Scaling is in our DNA: Making Genomics Accessible
One of the things I absolutely love about the work we do at Golden Helix is keeping up with the changes in data analysis driven by the iterative and generational leaps in technology.
But one thing has always been a constant since day one: we break preconceived notions of what scale of data a user can wrangle and analyze on their own single machine.
As we saw the density of microarrays go from tens of thousands of probes to millions, with studies similarly scaling in the number of samples, we carefully constructed our data structures and algorithms to swap in and out pieces of these large matrixes to display spreadsheets, run statistics and plot the per-marker results (in the iconic “Manhattan Plot” for example).
In fact, we are still tweaking our SNP and Variation Suite in this regard. In our last release we found room for more optimizations to improve Manhattan Plot render speed (and other numeric dot plots).
And as incredibly as this would have seemed 5 years ago, we are proud to be supporting customers who have used SVS to tackle their studies with the number of samples (N) in the 100,000+ range!
We are also working closely with some of our animal breeding customers to optimize the more advanced matrix-math heavy mixed model association techniques like EMMAX to remove the limits incurred by the (N x N) sized allocations required of these operations.
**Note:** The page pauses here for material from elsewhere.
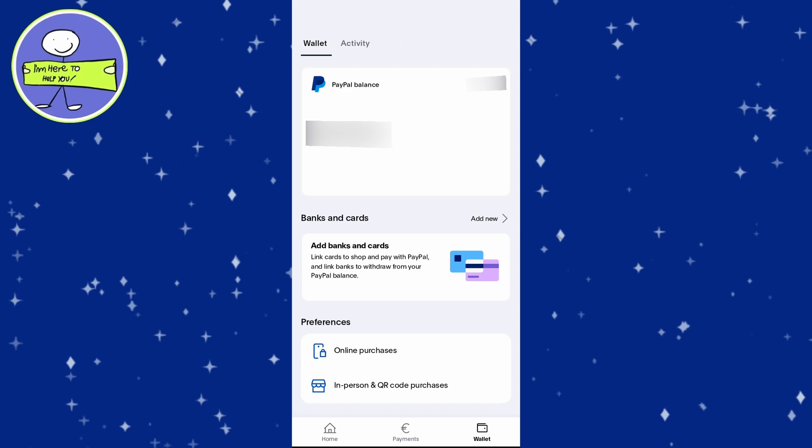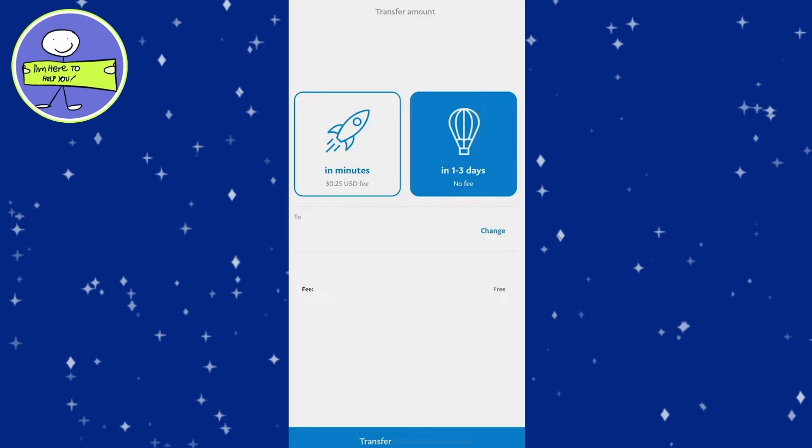You'll need your bank login information to complete this step. Once your bank account is linked, tap on your PayPal balance. At the bottom of the screen, select Transfer and then choose Transfer Money.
While not a simple optimization (we have to build upon specialized mathematical techniques with domain-specific requirements in very novel ways), enabling our users to perform analysis on hitherto inaccessibly large datasets makes it worth it. Stay tuned as we announce the release of these “Large N” scaled algorithms!
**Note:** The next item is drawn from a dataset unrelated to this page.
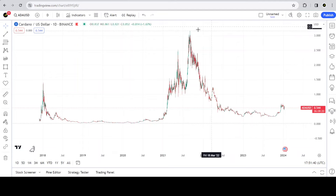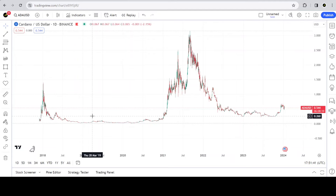We're going to start from the very beginning and methodically work on obtaining the macro structure for the ADA chart, or Cardano. If you catch this video live, you'll be able to ask questions and I'll be able to answer them, so you can get a good understanding of what I do and how I do it.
All of battle-hardened engineering tricks to build fast, scalable core data structures and algorithms came to bear on on the task of building VarSeq: A desktop based tool that wrangles whole genomes with instantaneous feedback on the interactive act of adding and adjusting filters, visualizing variants and running multiple annotation and genomic algorithms concurrently.
As that same core technology now powers our recently revealed VSWarehouse: a genomic data warehouse for NGS variants, we are continuing to invest in the engineering work to raise the scaling bar both in small incremental optimizations and big projects.
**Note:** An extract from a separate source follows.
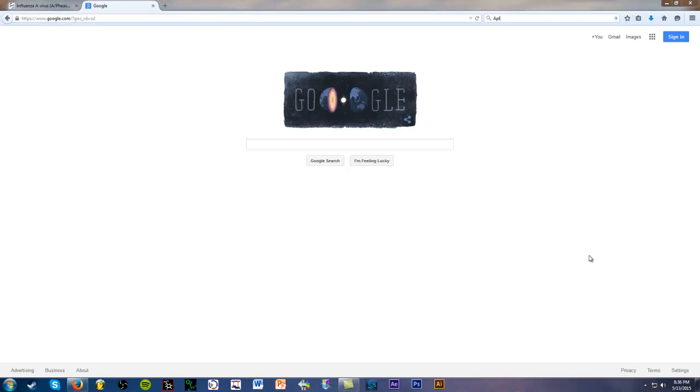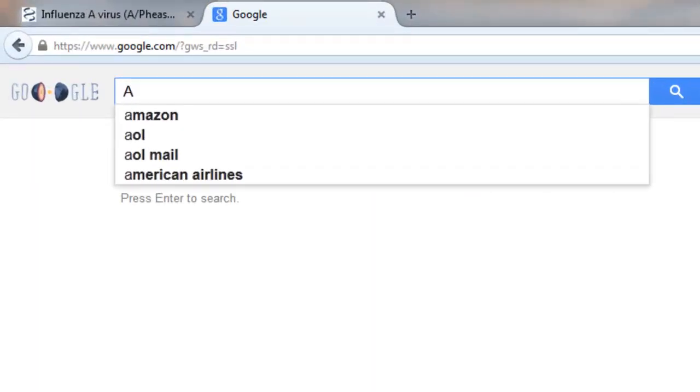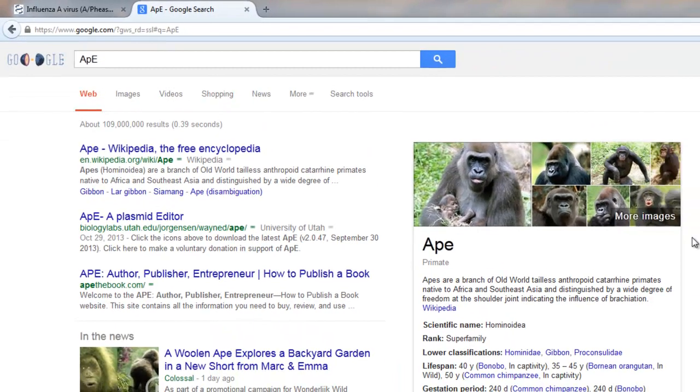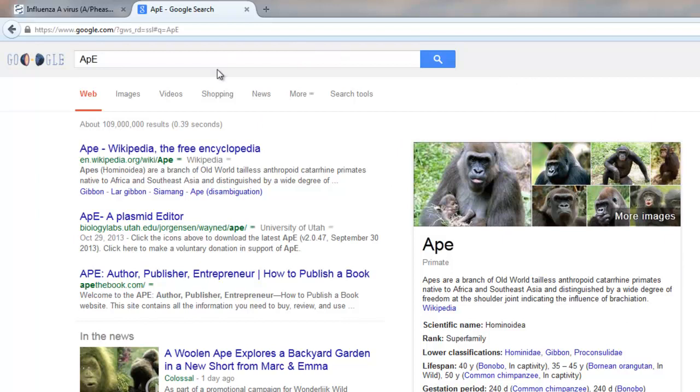Okay, so let's go ahead and open up Google and simply type in APE. That's what I'm going to do. A-P-E. There we go, and we're going to just search that, and we get some pictures of apes. Well, this is not what we really want, and it's actually the second link right here, APE A Plasmid Editor.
One of the big projects I’m very excited about is the from-the-ground-up construction of a new memory-optimized table grid view for VarSeq.
The file format and algorithms in VarSeq happily scale to tens of millions and even hundreds of millions of variants. In other words, the full expected range of NGS data, given that the 2,500 whole genomes sequenced by the 1000 genomes Phase 3 project resulted in 85 million unique variants.
But in practical terms, VarSeq has had a displayable row limit of far less (in the 15-20 million range) due to the table technology we had been building on that required some memory be allocated per-row.
Along with a list of advanced features and usability improvements we have been storing up, the new from-scratch table grid we are building is designed to have zero overhead per-row and thus dramatically improve the speed in which a whole genome NGS project can be opened and interacted with while eliminating the bounds to table size.
While most users may only notice some of the cosmetic and added features of the new grid, we are happy to stay ahead of the technology and adoption curve while removing limits of large-N whole-genome analysis.
Whole genomes are becoming both economical and in many ways a “better exome” through its simplified prep, uniform and unbiased coverage, and ability to assay copy number.
Overall I expect to see the usage of whole genome sequencing grow dramatically, and with it the interest in analyzing and warehousing cohorts of WGS samples.
Golden Helix is committed to continuing its leadership in making genomic analysis accessible to individuals while scaling to the needs of researchers, clinical labs, institutions and consortiums.